The top five events with population health consequences were determined and ranked by either the total number of injuries and the total number of fatalities. Similarly, the top five events with economic consequences were determined and ranked by the total damages to crops and property. While tornados cause the greatest number of injuries and fatalities, floods cause the greatest economic damage as measured by the sum of crop and property damage.
Data from NOAA Storm Database from 1950 to November of 2011 was read into R as a zip file. The database tracks major storms and severe weather event characterisics, including property and crop damage estimates as well as any associated injuries and fatalities. The EVTYPE, event type, variable was used to create subsets of the entire dataset to answer specific questions regarding population health, as measured by injuries and fatalities, and regarding economic consequences, as measured by the sum of crop and property damage estimates for each incident.
library(dplyr)
library(lattice)
library(ggplot2)
library(knitr)
#read zip file into R
newdata <- read.csv("repdata-data-StormData.csv.bz2")
newdata$EVTYPE <- toupper(as.character(newdata$EVTYPE))
newdata$EVTYPE <- as.factor(newdata$EVTYPE)
# create subsets of dataset for answers to questions
health <- group_by(newdata, EVTYPE)
y <- colnames(newdata)
# find column numbers of events and damages
damage_logic <- grep("*[A-Z]DMG|EVTYPE", y)
# subset dataset for events and damages
DMGdata <- newdata[damage_logic]
factorTOnumber <- function(x) {
# function to convert order of magnitude factor to number
facts <- c("B", "M", "K", "H")
num <- c("1000000000", "1000000", "1000", "100")

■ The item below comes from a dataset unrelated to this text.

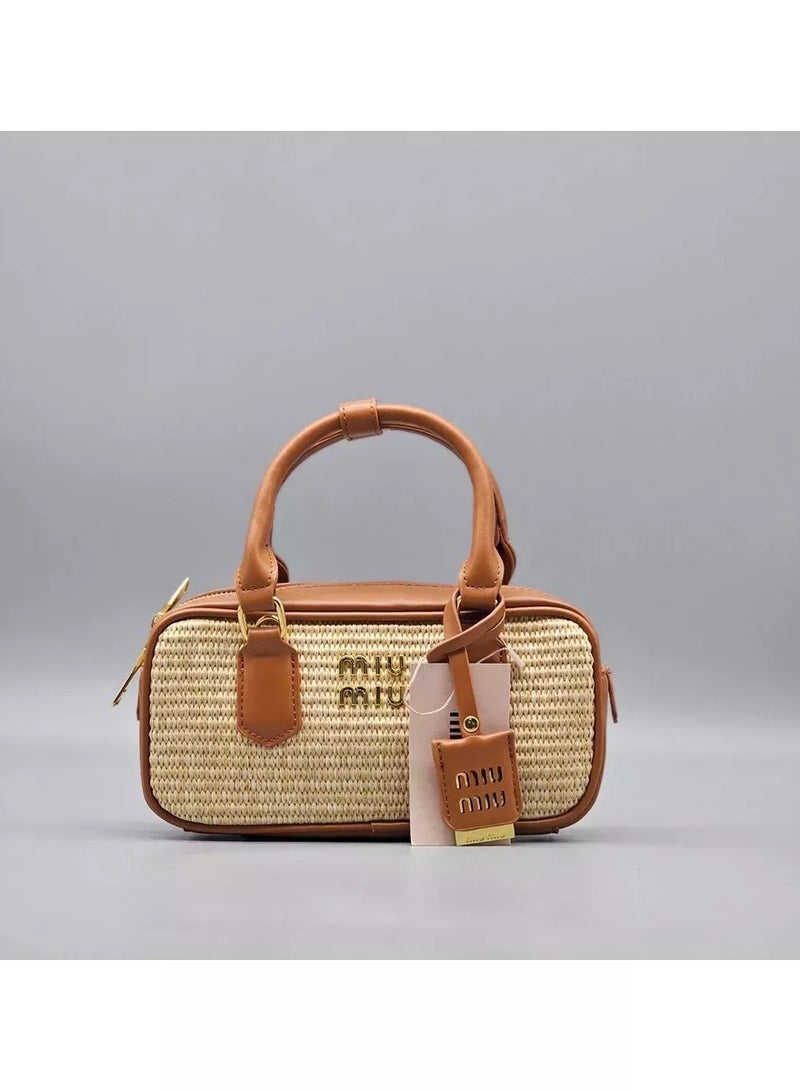 Bowling Pleated Vintage Crossbody Shoulder Bag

#convert lower case entries to upper case
x<- toupper(as.character(x))
# assume entries which are not in facts are typos
# set typos to 1
x <- gsub("[^MBKH]","1",x)
# convert factors to numbers
for (i in 1:length(facts)) {
x <- gsub(facts[i], num[i],as.character(x))
}
x <- as.numeric(x)
# check for NAs?
for(i in 1:length(x)) {
if(is.na(x[i])) {
x[i] <- 1
}
}
x
}
# clean up damage dataset
DMGdata$PROPDMGEXP <-factorTOnumber(DMGdata$PROPDMGEXP)
DMGdata$CROPDMGEXP <-factorTOnumber(DMGdata$CROPDMGEXP)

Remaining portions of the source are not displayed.